The Cramer Rao Lower Bound for the Geometric Distribution

The Cramer Rao Lower Bound for The Geometric Distribution

Introduction

Suppose that we have a unbiased estimator of a parameter of a distribution. The Cramer-Rao inequality provides us with a lower bound for the variance of such an estimator. After we compute the Cramer-Rao Lower Bound (CRLB), we can check whether the unbiased estimator at hand reaches a minimum variance over all the unbiased estimators of the parameter.

The following is the Cramer-Rao Inequality.
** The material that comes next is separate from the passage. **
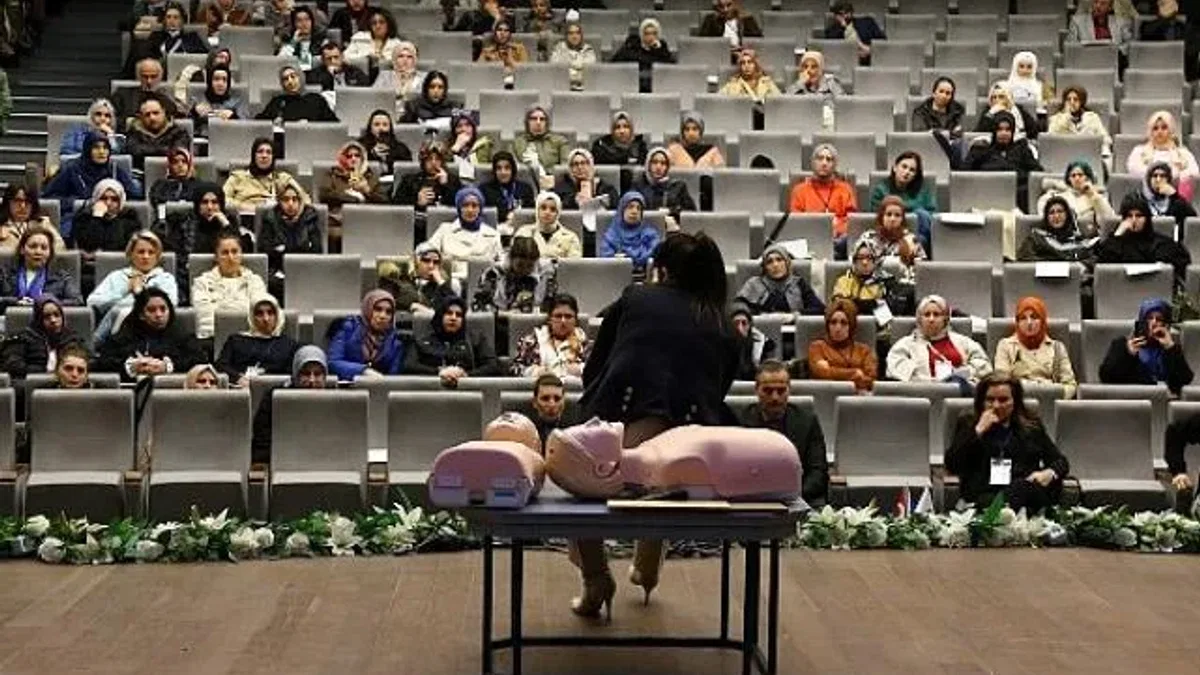 Başiskele’de afetlere hazırlık eğitimi verildi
Let $\hat{\theta}$ be an unbiased estimator of $\theta$ which is a parameter of the distribution with probability density function $f(x;\theta)$ and log-likelihood $l(x;\theta)=\ln f(x;\theta)$ . Then the Cramer-Rao Inequality is given by:

$\begin{equation*}var(\hat{\theta})\geq\frac{1}{I(\theta)}\end{equation*}$

where the function $I(\theta)$ known as Fisher Information is given by $I(\theta)=-n\mathbb{E}\Big[\frac{\delta^2 l(x;\theta)}{\delta \theta^2}\Big]$ , and $n$ is the sample size over which the estimator $\hat{\theta}$ is estimated.
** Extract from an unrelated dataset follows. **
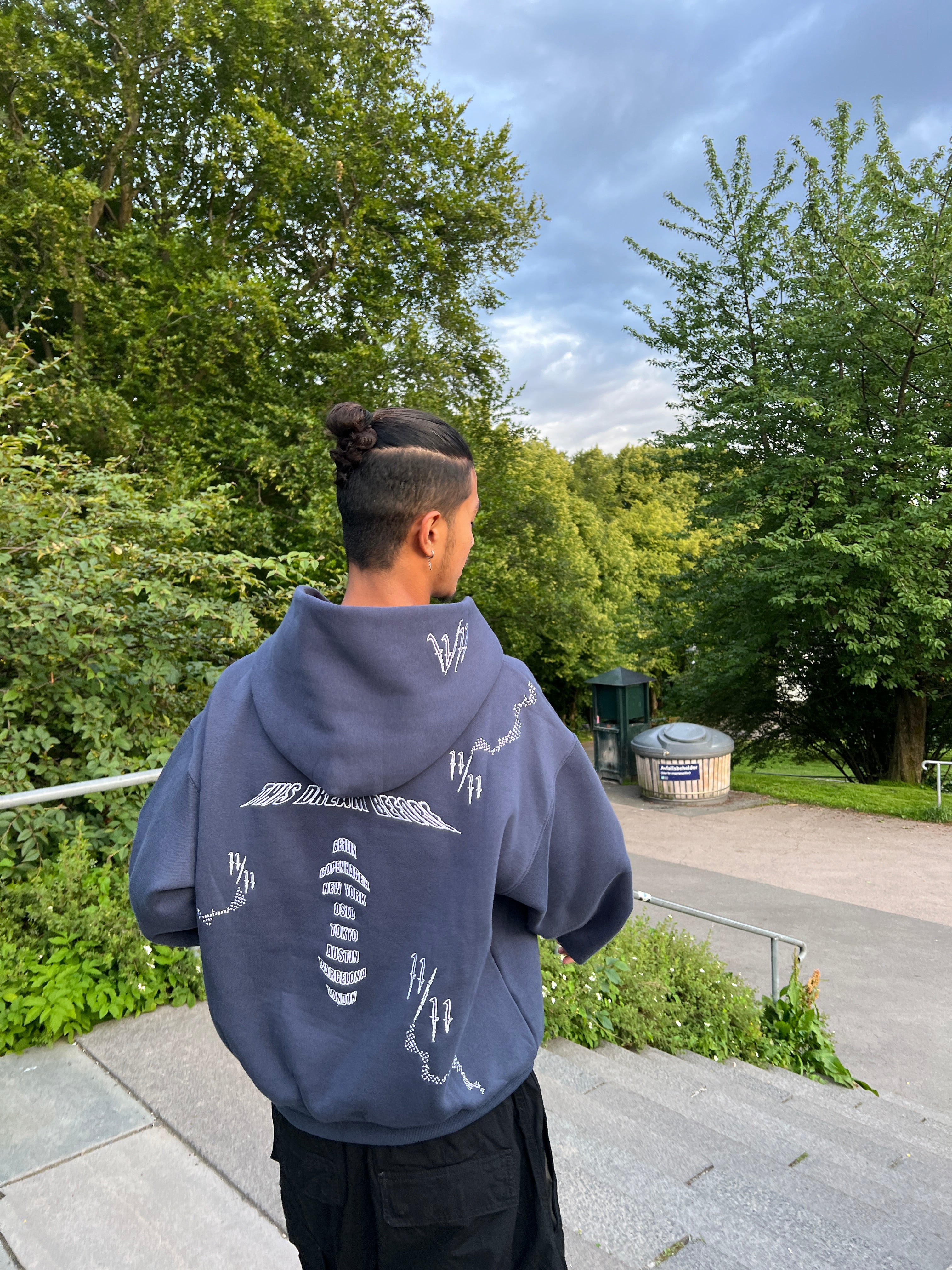 ULTRAHEAVY NAVY – Edvard Bjørnstad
Thus the Cramer-Rao Lower Bound for the variance of $\hat{\theta}$ is given by: $\frac{1}{I(\theta)}$ , that is, $\frac{1}{-n\mathbb{E}\big[\frac{\delta^2 l(x;\theta)}{\delta \theta^2}\Big]}$ .

In this article, we will derive the Cramer-Rao Lower Bound of an estimator of the parameter $p$ of the geometric distribution.
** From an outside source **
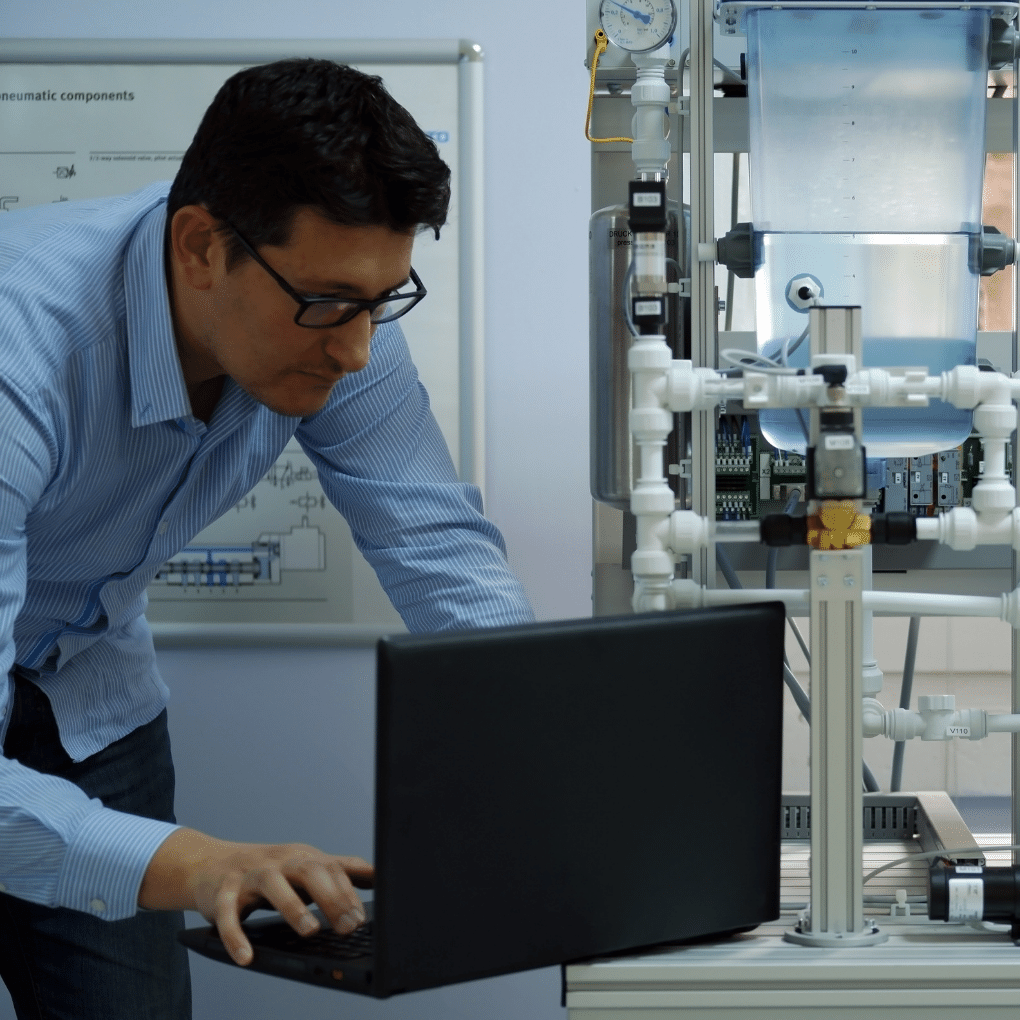 Web and Mobile Applications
The Geometric Distribution

The probability density function of the geometric distribution (having parameter $p$ ) is given by:

$\begin{equation*}f(x;p)=(1-p)^{x-1}p\text{ for }x=1,2,3,\cdots\end{equation*}$

Using standard probability theory, it follows that for the geometric distribution $\mathbb{E}[x]=\frac{1}{p}$ .

The Cramer-Rao Lower Bound for the Geometric Distribution

Consider first the Fisher Information for the Geometric Distribution with parameter $p$ .

$\begin{equation*}\begin{align}I(p)&=-n\mathbb{E}\Big[\frac{\delta^2 l(x;p)}{\delta p^2}\Big]\\ &=-n\mathbb{E}\Big[\frac{\delta^2}{\delta p^2} [\ln ((1-p)^{x-1}p)]\Big]\\ &=-n\mathbb{E}\Big[\frac{\delta^2}{\delta p^2} [(x-1)\ln (1-p)+\ln p]\Big]\\ &=-n\mathbb{E}\Big[\frac{\delta}{\delta p} [-\frac{x-1}{1-p}+\frac{1}{p}]\Big]\\ &=n\mathbb{E}\Big[\frac{\delta}{\delta p} [\frac{x-1}{1-p}-\frac{1}{p}]\Big]\\ &=n\mathbb{E}\Big[\frac{x-1}{(1-p)^2}+\frac{1}{p^2}\Big]\\ &=n\Big(\frac{\mathbb{E}[x]-1}{(1-p)^2}+\frac{1}{p^2}\Big)\\ &=n\Big(\frac{\frac{1}{p}-1}{(1-p)^2}+\frac{1}{p^2}\Big)\text{ (since }\mathbb{E}[x]=\frac{1}{p})\\ &=n\Big(\frac{1-p}{p(1-p)^2}+\frac{1}{p^2}\Big)\\ &=n\Big(\frac{1}{p(1-p)}+\frac{1}{p^2}\Big)\\ &=n\Big(\frac{p+(1-p)}{p^2(1-p)} \Big)\\ &=\frac{n}{p^2(1-p)}. \end{align} \end{equation*}$

Thus, the Cramer-Rao Lower Bound for the variance of an estimator of $p$ of the geometric distribution is given by:

$\begin{equation*} \begin{align} CRLB&=\frac{1}{I(p)}\\ &=\frac{p^2(1-p)}{n}. \end{align} \end{equation*}$